It is much more effective and efficient to “share the load”; developers assuming responsibility for the elements they have changed from signout to production promotion should not be in question. It is appropriate as part of their professional role that they assume this responsibility as part of the complete impact of the change they are making to the site’s production environment.

By using this APE philosophy, a site’s ESI and overall change control rules can be very simple.

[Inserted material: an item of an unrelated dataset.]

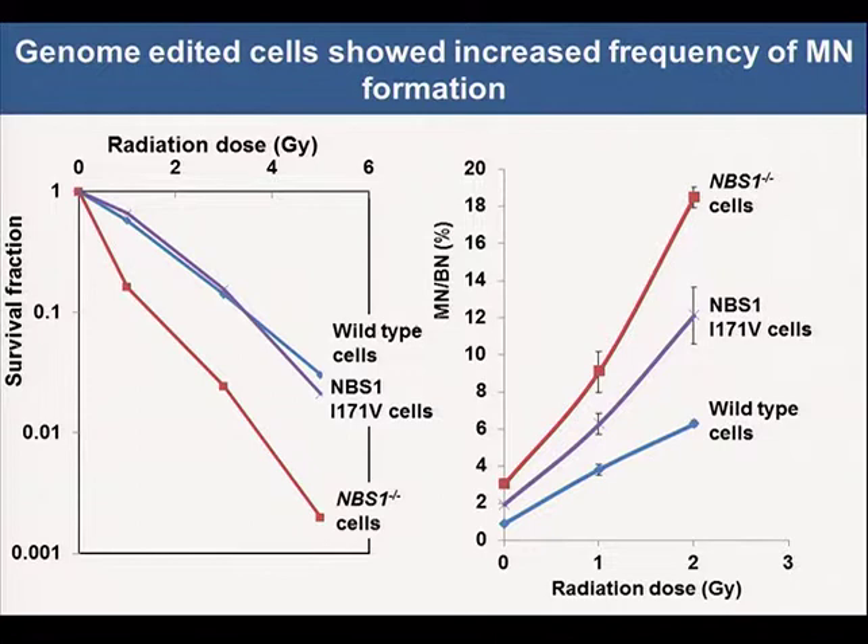We studied radiation-induced cell killing in this genome-edited cell clone. NBS patient cells were used as a control. NBS1 genome-edited cells did not show increased cell killing after irradiation. The micronucleus assay results showed that NBS1 I171V genome-edited cells showed a higher frequency of micronucleus formation than that of wild-type cells. These results demonstrate that this polymorphism is involved in cellular radiosensitivity.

All developers have access to all actions in all stages in both foreground and background as far as the ability to ASK goes.

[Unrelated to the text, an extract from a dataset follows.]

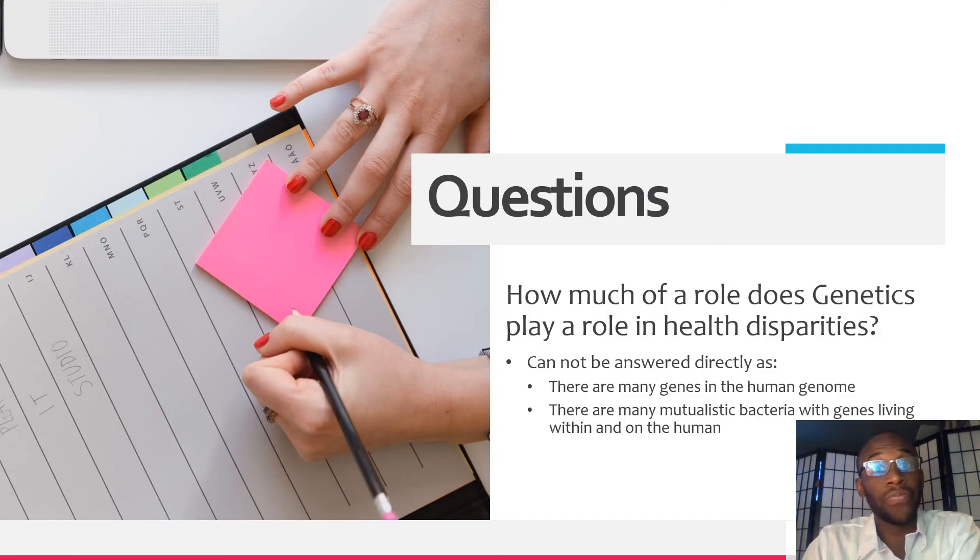This made me ask the question: how much of a role does genetics play in health disparities? I wonder this because there are many genes in the human genome, some of which we know the function of and some we don't, leaving a whole enigma that needs to be elucidated through research. I also wonder how much of a role genetics plays given the many bacteria that live on us or within us that may or may not contribute to our health, affecting our metabolism and overall wellbeing.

Inappropriate foreground execution is controlled through the processor group definition that will disallow the execution of generate processors in foreground[1]. SIGNOUT OVERRIDE authority is handled through the necessary ESI rules.

Inappropriate requests (ASKs) are simply denied during the PERMIT phase. If a stage needs controls, then actions in that stage must be done in package and that package must be approved.

Finally, EXECUTION of the actions into a stage only occurs once the PERMIT phase has been passed.

[1] DELETE and MOVE processors can typically be executed in foreground since they typically only execute IEBCOPY or IEBGENER programs, as well as various Endevor utilities.

Automated Package Handling

Creating the Package

A common requirement in many sites is the need to automate the execution of various package actions. For instance, a package may contain certain elements that need to be in a specific region at a specific time. However, there is no guarantee that an actual person will be around or available to submit the package to ensure it “happens” at the right time.

Automated package execution was introduced to help shops with this issue. By specifying a date and time for the package to execute, a developer can help drive and define the promotion aspects of the elements he or she is moving up the lifecycle. Conversely, a developer can leave the specific dates and times in the EXECUTION WINDOW alone; automated job submission jobs will then translate the package as being “open-windowed” as it can run at any time it meets the criteria of the package submission job.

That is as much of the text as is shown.